Private Life Chapter 2: before the book
Vincent Starrett was a master of the Sunday “string of pearls” feature story.
He started by compulsively clipping news stories on topics he enjoyed: imaginary islands, Lincoln lore or his hero Arthur Machen. He would file them into folders.
Then, as his bank balance or fancy dictated, he would pull out a folder and take a few nuggets or “pearls” of information from each, string them together into a leisurely feature story and ship it off to a friendly editor.
Thus the name, a “string of pearls” feature story.
In the days when feature stories could run to several thousand words, it was a quick way to make a few bucks without ever having to do a single interview or even leave the comfort of his home office.
In the 1930s, as he thought about a format for the book that became The Private Life of Sherlock Holmes, Starrett expanded on the idea. Instead of one “string of pearls” feature, why not create nearly a dozen feature stories centered around various aspects of the Baker Street detective?
There were advantages to this idea. Each chapter could be self-contained and could focus on a specific aspect of the Holmes world, such as the creation of the character or the location and nature of 221B Baker Street.
Even better, the conceit would allow him the freedom to shift back and forth between treating Holmes as a creation of Arthur Conan Doyle, or as a living, breathing human, in the manner that would later be called "Playing The Game."
Would it work? Could he sell the idea to a publisher? Would people buy it? This was a risky concept.

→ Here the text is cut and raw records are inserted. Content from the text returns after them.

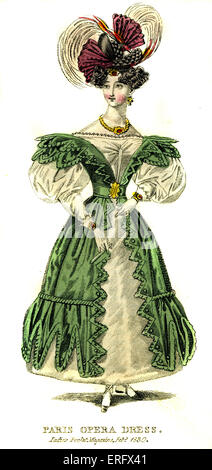Paris walking dress from 1830 - fashionable    coat. From Ladies Pocket Magazine February 1830. Stock Photo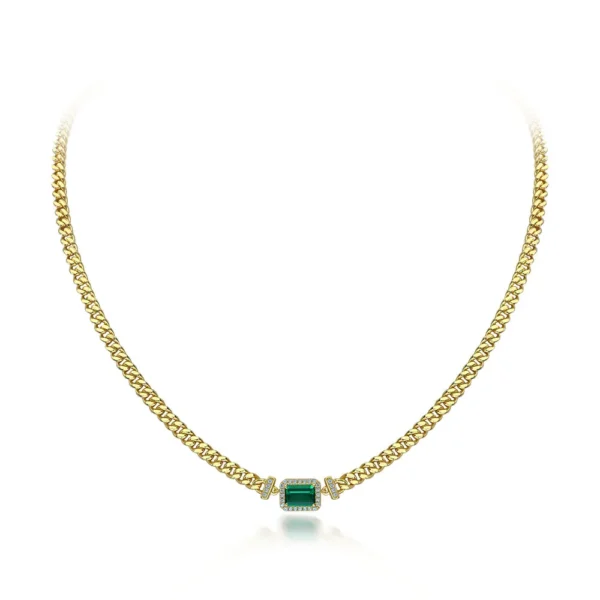 wholesale custom jewellery 18k gold plated 925 sterling silver Synthetic Emerald pendant cuban chain chocker necklace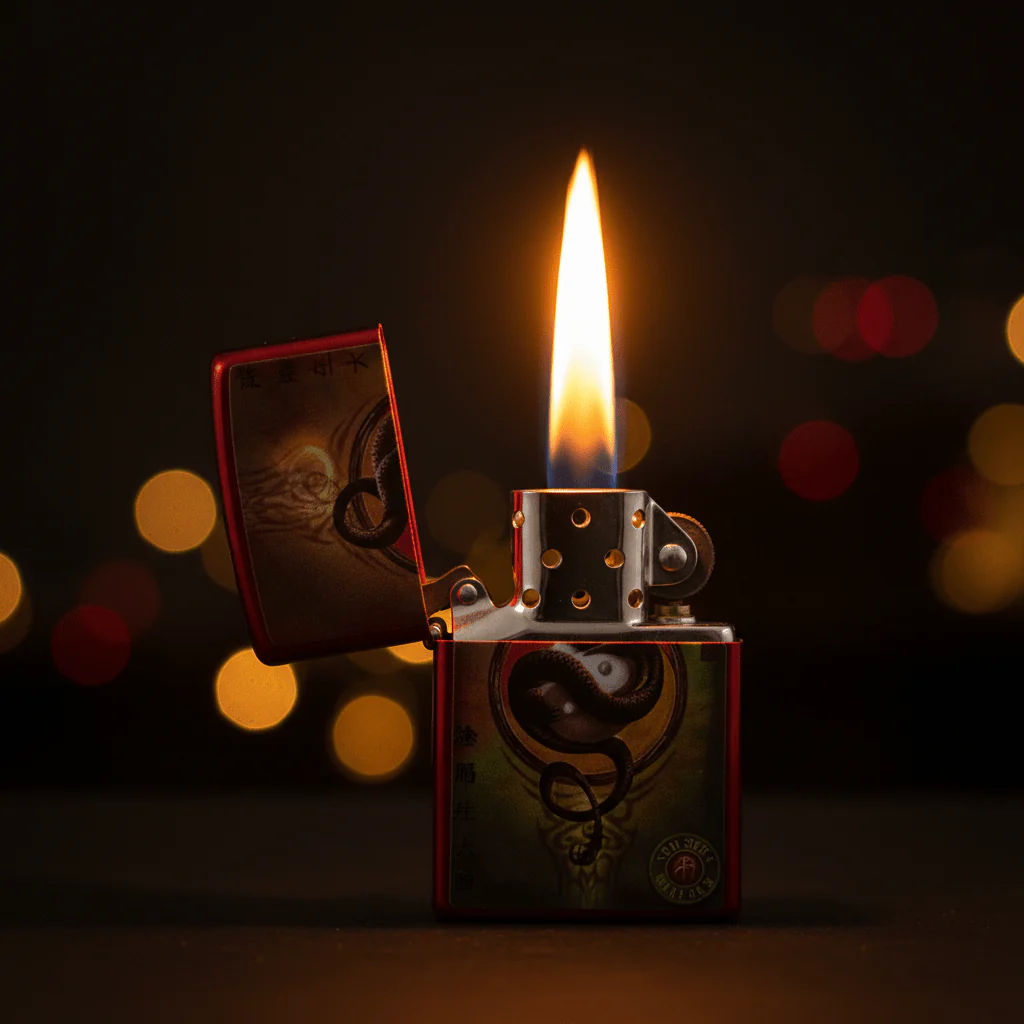 Zippo Red Metal Lighter with Anne Stokes Fantasy Collection Design No.2, Flip-Top Refillable (6×4 cm) - Image 2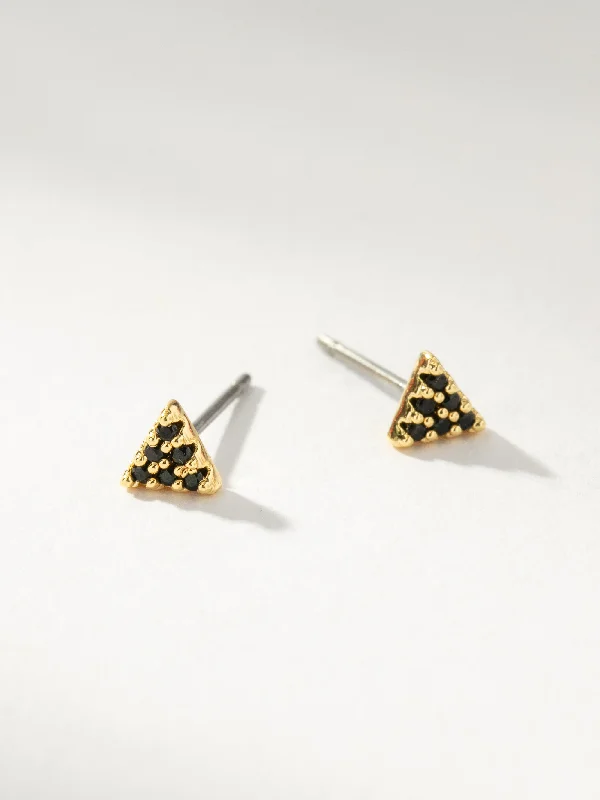 Glossy silver earrings-Black Beauty Triangle Stud Earrings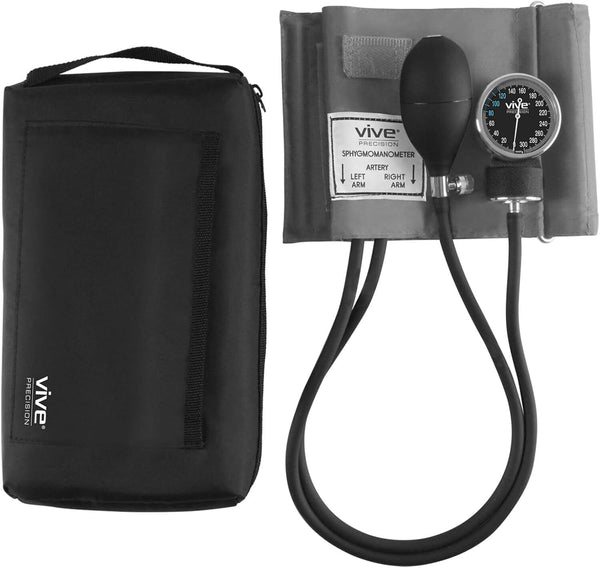Vive Precision Aneroid Sphygmomanometer Manual Blood Pressure Cuff and Case
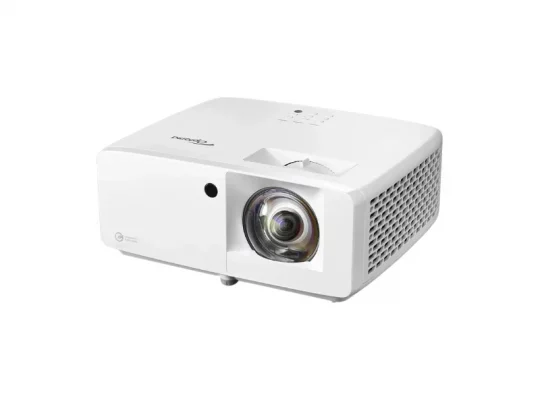 Weißer Epson-Beamer mit Frontlinse, seitlichen Lüftungsschlitzen und Bedientasten oben vor weißem Hintergrund.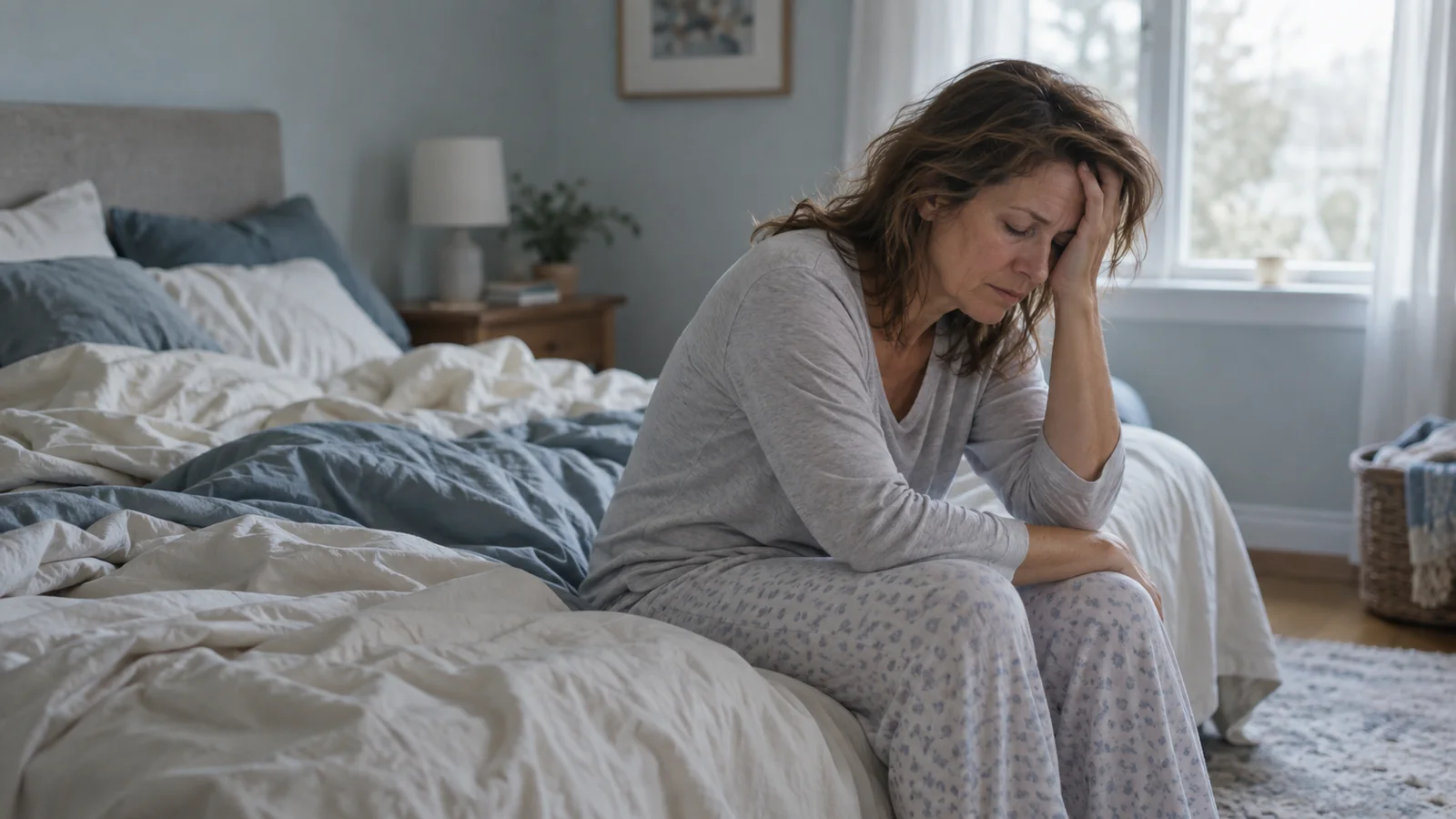 Woman sitting on the edge of her bed in the morning with her hand against her forehead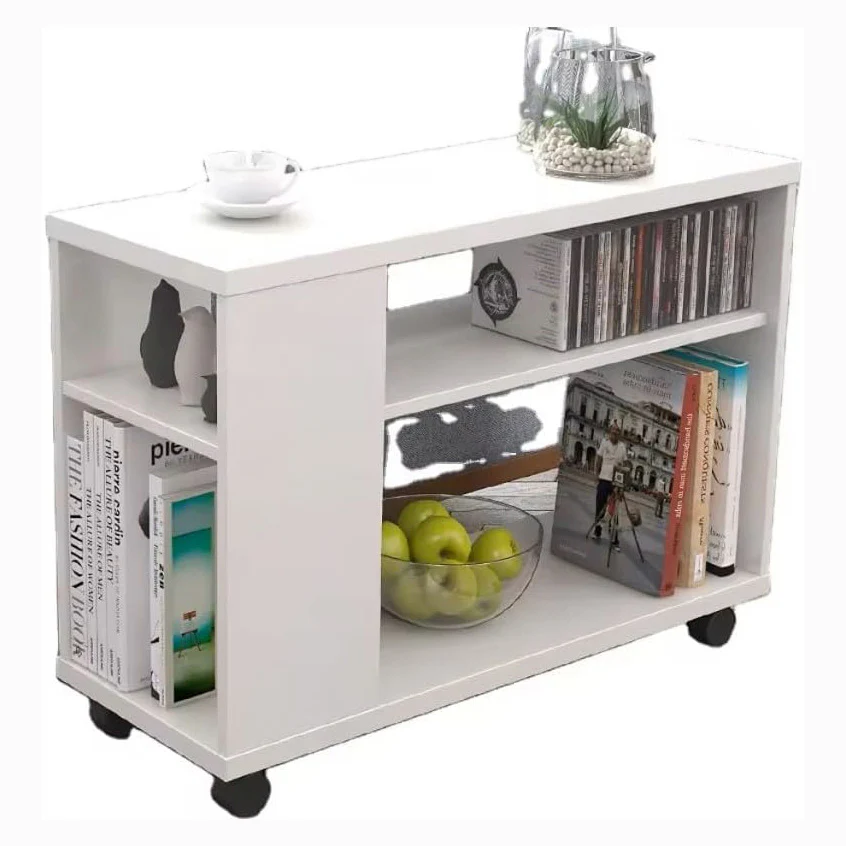 Versatile Sofa Side Table & Magazine Shelf with Casters (White) - Image 2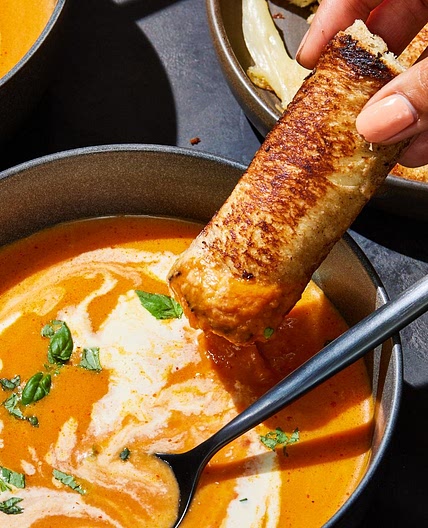 Pumpkin Tomato Soup With Grilled Swiss Cheese Sticks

It had never been done before in the United States, but Starrett believed the popularity of the Holmes stories would intrigue publishers and a buyer.
There was one other advantage to this concept: Since each chapter was independent of the others, he could sell them to magazine publishers and have them appear before the book appeared. The chapters would then publicize and help promote sales of the book.
And he would get paid twice for doing the work once.
Not a bad job if you could do it.
This is how the magazine publication went:
The Atlantic Monthly, “Enter Mr. Sherlock Holmes” (Chapter 1 of the book).
Real Detective, “Mr. Holmes of Baker Street,” retitled “No. 221-B Baker Street” (Chapter 4).
The Golden Book and Reader's Digest, “The Real Sherlock Holmes” (Chapter 8).
The Bookman, “The Private Life of Sherlock Holmes” (Chapter 5).
The Bookman, “Sherlock Holmes: Notes for a Biography”, retitled “Ave Sherlock Morituri et Cetera” (Chapter 7).
Of the 11 full chapters of the book, five appeared independently. Critics would cite this as one reason why the book didn’t deliver on its promise, but we’ll get to that later.
Here is how they looked:
"Enter Mr. Sherlock Holmes."
The Atlantic Monthly, July 1932, pages 81-87.
Founded as a literary magazine in 1857, The Atlantic in 1932 had become a more varied, if a bit stodgy, monthly magazine. For 40 cents, readers got a sprinkling of fiction scattered among articles as high brow as an insider’s look at President Herbert Hoover to a Cornell ornithologist’s consideration of those “Quaint Folk, the Eskimos.”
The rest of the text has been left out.